Frank Richard Hernandez.  Not a Bojon. but he lived in Bojon Town.  Probably not a name you recognize at first.  Everyone called him “Chico”.   I always did.  He was a true hero to me.  I believe he got polio when he was little.  It cost him the use of an arm, and he always limped a bit.  You could tell that it hurt, but he never talked about it.  He could do more with that one hand than most people could do with two.  And he was brilliant.  He was a simple man, but he had such insight into life that I would sit and listen to him for hours.  And he was hilarious.  He had a self-deprecating humor that most people didn’t get.  He used to call himself ‘The little Messican”.   Most people don’t know that he was responsible for me meeting my wife.  We were working in the gas station, and Velma was walking on the other side of the street.  Chico commented that she was starting to become quite a good looking girl, and I agreed, although that wasn’t exactly the language that we used in the gas station.  It was forbidden to speak like that.  It was probably more like ‘Wow!  That little girl from up the street is looking pretty fine!’  So, I said that I should probably go and ask her out.  He bet me a Pepsi that I couldn’t get a date with her.  I won the Pepsi.  The girl and I were married 35 years ago yesterday.  Thanks, Cheeks!!!


Anton Mramor.  Definitely a Bojon.  Everyone called him “Teedles”.  The stories about Teedles are many, and all hilarious.  He was pulling a chain through the work area.  A co-worker asked him why he was pulling the chain.  Teedles responded ‘Did you ever try pushing one”?  That was Teedles in a nutshell.  He had a quick response and a sense of timing that would make any stand up comedian jealous.   He was like a sentinel.  He would walk through the neighborhood and talk to everyone, and he saw everything.  Sitting in the gas station and listen to him tell stories was a joy.  And he was more than a funny guy.  He was very informed and loved to talk about politics.  He always reminded me of the Scarecrow in the Wizard of Oz.  Man, that’s a guy that could have only existed in Bojon Town.

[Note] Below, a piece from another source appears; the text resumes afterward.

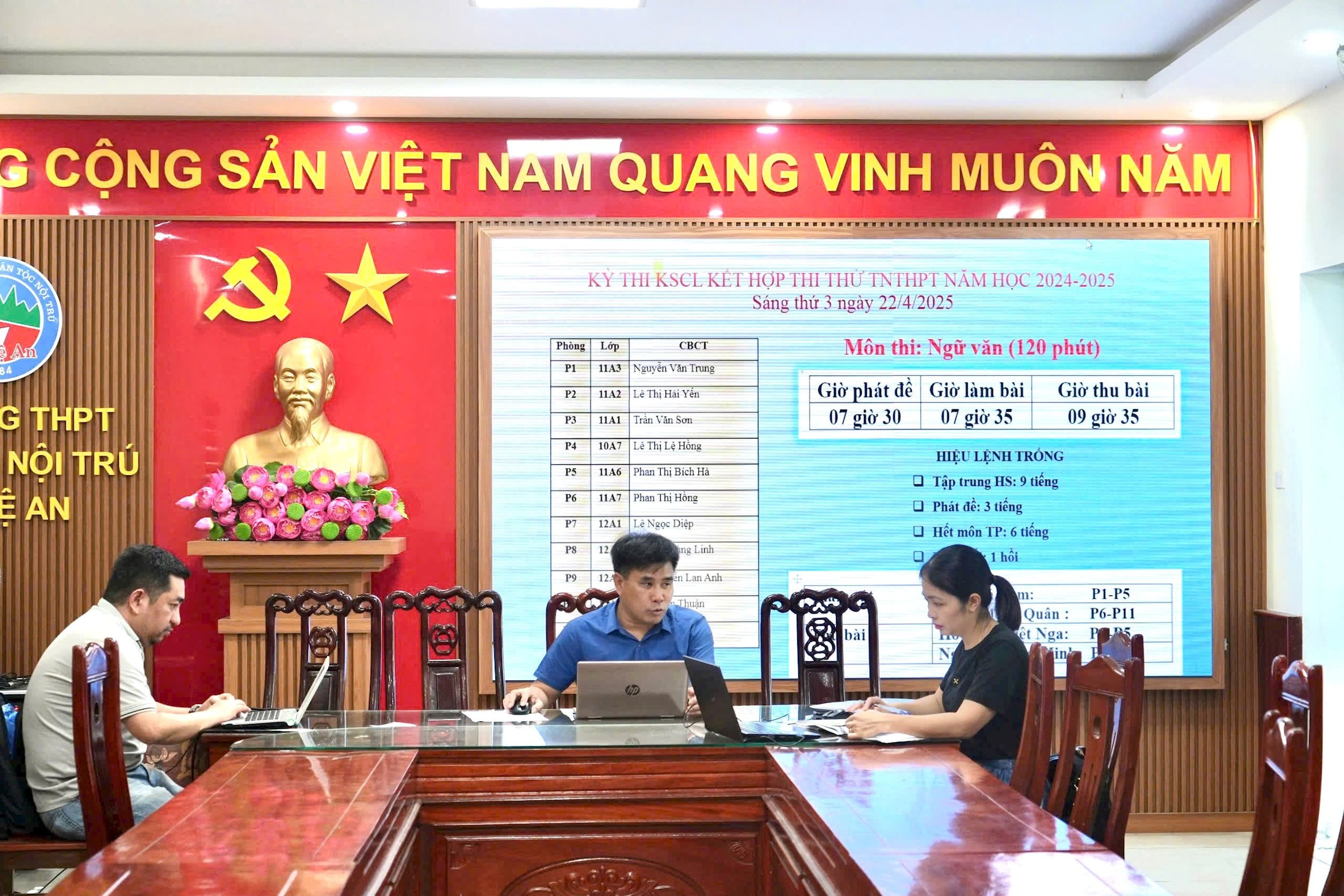 Hội đồng thi thử ở Trường PTTH DTNT tỉnh. Ảnh - Mỹ Hà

Edward Kocman.  The Bojon, to me.  If they had Bojon in the dictionary, my Uncle Haizie’s picture would be there.  (help me with this spelling!  I’m a horrible Bojon nickname speller).  Some knew him as Spike.  He was a big man.  Around the other old guys, he was in his element.  They’d argue about things, and even when they agreed, they sounded like they were arguing.  But when you were just having a conversation, he was a very quiet, gentle man.  He would go for walks after he retired.  Every day.  And not just walks.  He’d walk from Bojon Town to Roncalli High School and back.  Daily.  I bought my first car from him for $200.  A red 1960 Chevy Impala.  It had just over 100,000 miles on it.  Most cars with that many miles were shot.  This one was like new.  You could eat off of the engine.  It ran like a clock.  One day after a huge rainstorm, the intersection at Mesa and Santa Fe was flooded.  No one could get through, and any car that tried to go ended up dying out.  I pulled up and Uncle Haizie was standing on the corner.  He told me not to go, and I told him to back up and watch how it’s done.  I backed up about 40 feet, punched it, and hit that puddle at about 40 mph.  I threw up a wave that would have swamped the Titanic.  A cloud of steam from my engine nearly blinded me.  My car died out, and I put it in neutral and coasted right into my parking place next to my mom and dad’s house.  I got out, and I could hear Uncle laughing from 100 feet away.  He was slapping me on the back and saying that was the best thing he ever saw.  He had such a sense of humor and a sense of family that he’s still inspiring to me.